= Maud Worcester Makemson =

American astronomer

Maud Worcester Makemson (September 16, 1891 – December 25, 1977) was an American astronomer, a specialist on archaeoastronomy, and director of Vassar Observatory.

==Early life and education==
Maud Lavon Worcester was born in 1891 in Center Harbor, New Hampshire. She attended Girls' Latin School in Boston. She briefly attended Radcliffe College, but left to teach school. In high school and college she studied Latin, Greek, French, and German, and during school breaks she independently learned Spanish, Italian, Japanese, and Chinese. In 1911, her family moved to Pasadena, California. She was working as a journalist in Bisbee, Arizona when she took an interest in astronomy. She returned to California and taught school while taking correspondence courses and summer classes to qualify for admission to the University of California.

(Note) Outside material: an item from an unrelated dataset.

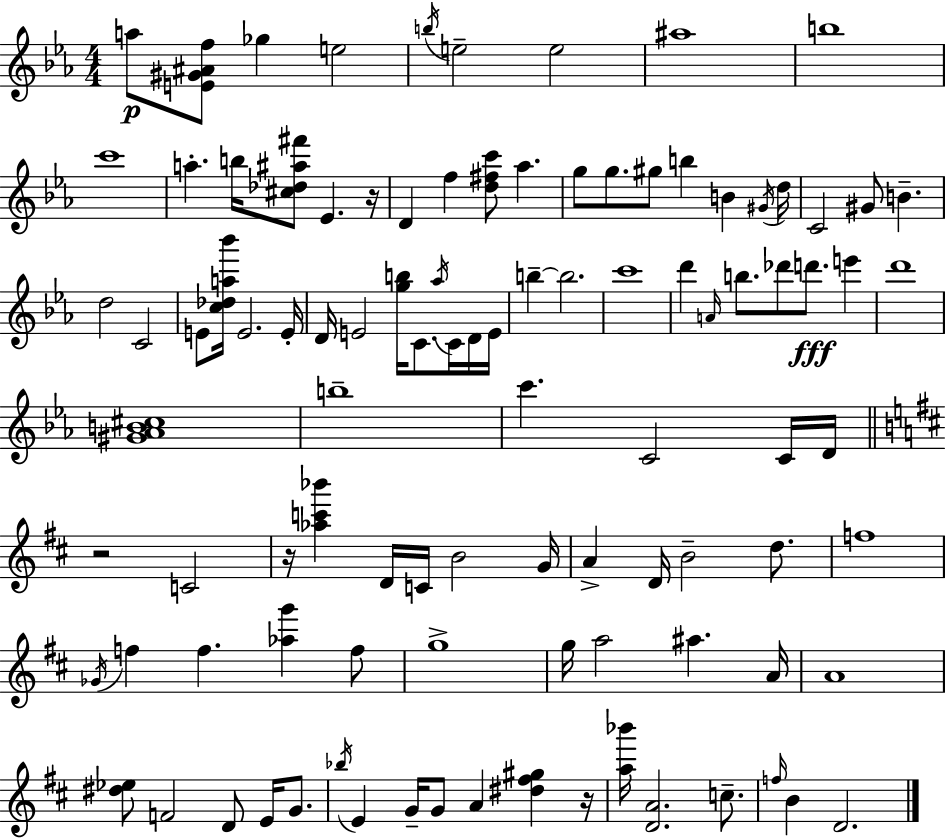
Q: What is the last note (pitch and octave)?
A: D4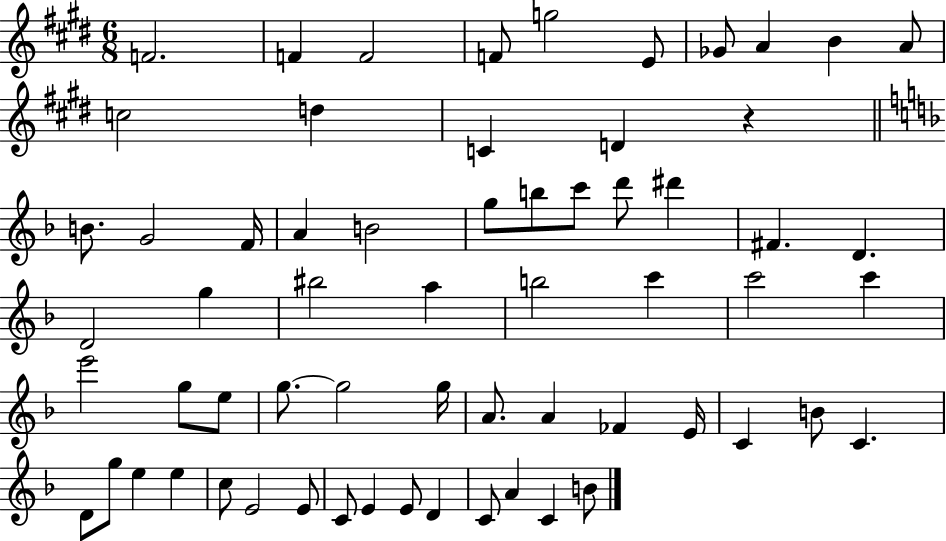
F4/h. F4/q F4/h F4/e G5/h E4/e Gb4/e A4/q B4/q A4/e C5/h D5/q C4/q D4/q R/q B4/e. G4/h F4/s A4/q B4/h G5/e B5/e C6/e D6/e D#6/q F#4/q. D4/q. D4/h G5/q BIS5/h A5/q B5/h C6/q C6/h C6/q E6/h G5/e E5/e G5/e. G5/h G5/s A4/e. A4/q FES4/q E4/s C4/q B4/e C4/q. D4/e G5/e E5/q E5/q C5/e E4/h E4/e C4/e E4/q E4/e D4/q C4/e A4/q C4/q B4/e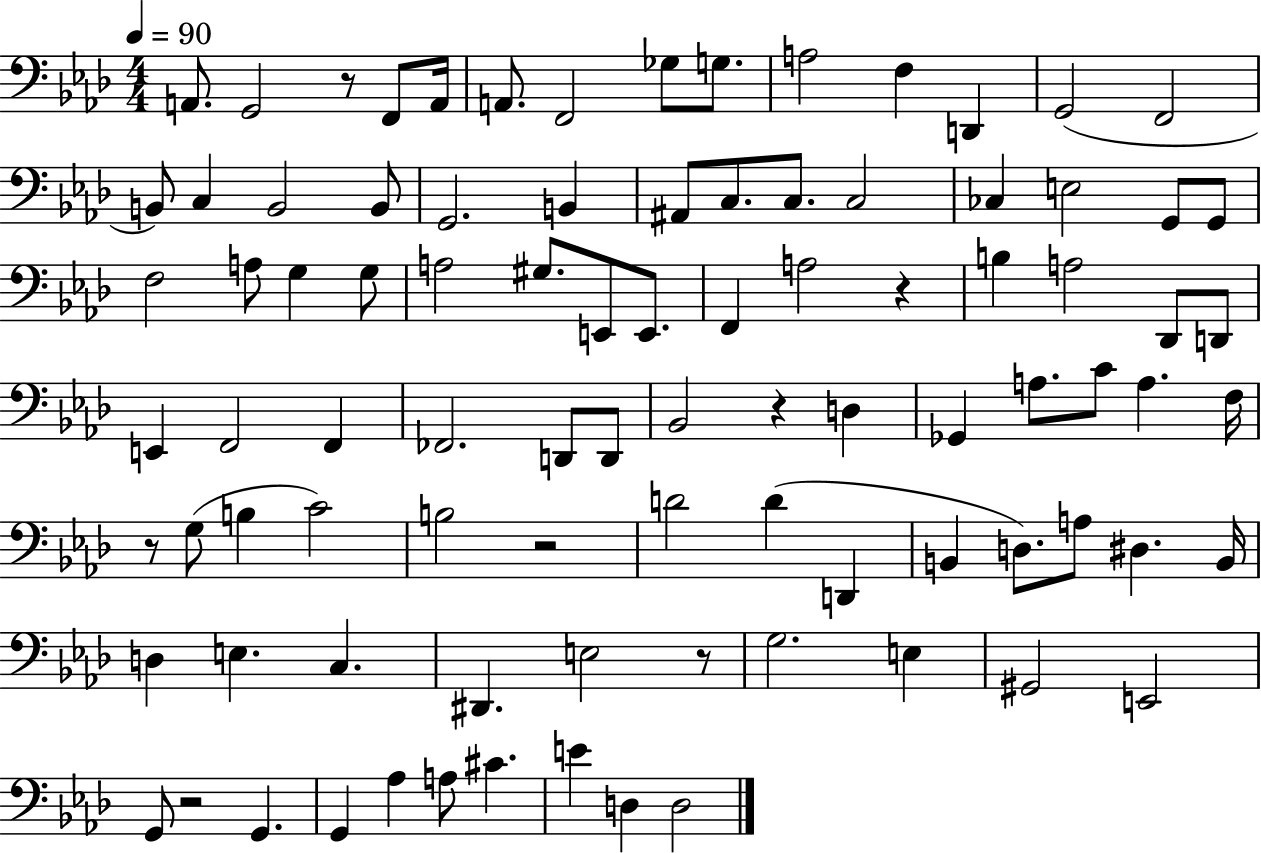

She earned a bachelor's degree from UCLA in 1925, followed by a master's degree in 1927 and a PhD from University of California at Berkeley in 1930. Studying under Armin Leuschner, her doctoral work involved calculating the orbits of asteroids.

==Career==
In 1930, Makemson became an instructor of astronomy at the University of California before moving to Rollins College to teach mathematics and astronomy.

She joined the Vassar College faculty as an assistant astronomy professor in 1932; she became a full professor in 1944. In 1936, she succeeded Caroline Furness as director of the Vassar Observatory.

She received a Guggenheim Fellowship in 1941 to study Maya astronomy, and was a Fulbright Scholar in Japan and India in 1953-1954. In Japan, she taught three courses at Ochanomizu Women's University in Tokyo on the history of astronomy, "scientific reading," and "Shelly's lyrics." Makemson's interest in non-Western astronomical knowledge resulted in several monographs, The Morning Star Rises: An Account of Polynesian Astronomy (1941), The Astronomical Tables of the Maya (1943), The Maya Correlation Problem (1946), and The Book of the Jaguar Priest (1951, a translation of a sixteenth-century text). Makemson used her translation of The Book of the Jaguar Priest to defend the "correlation between the Maya and Christian calendars."

Makemson retired from Vassar in 1957, then taught astronomy at UCLA. She co-authored a textbook, Introduction to Astrodynamics (1960) with Robert M. L. Baker, Jr. In the 1960s, she joined the Applied Research Laboratories of General Dynamics, to consult with NASA on lunar exploration. She worked on the problem of selenography, developing a way for astronauts standing on the moon to locate themselves precisely.

Among her undergraduate students at Vassar was astronomer Vera Rubin, to whom she gave a celestial globe.

==Personal life==
Maud Worcester married Thomas Emmet Makemson in 1912; they had three children together before their divorce in 1919. Makemson died on Christmas Day in 1977, in Weatherford, Texas. Her son Donald E. Worcester (who used his mother's original surname) was an author and a history professor at Texas Christian University.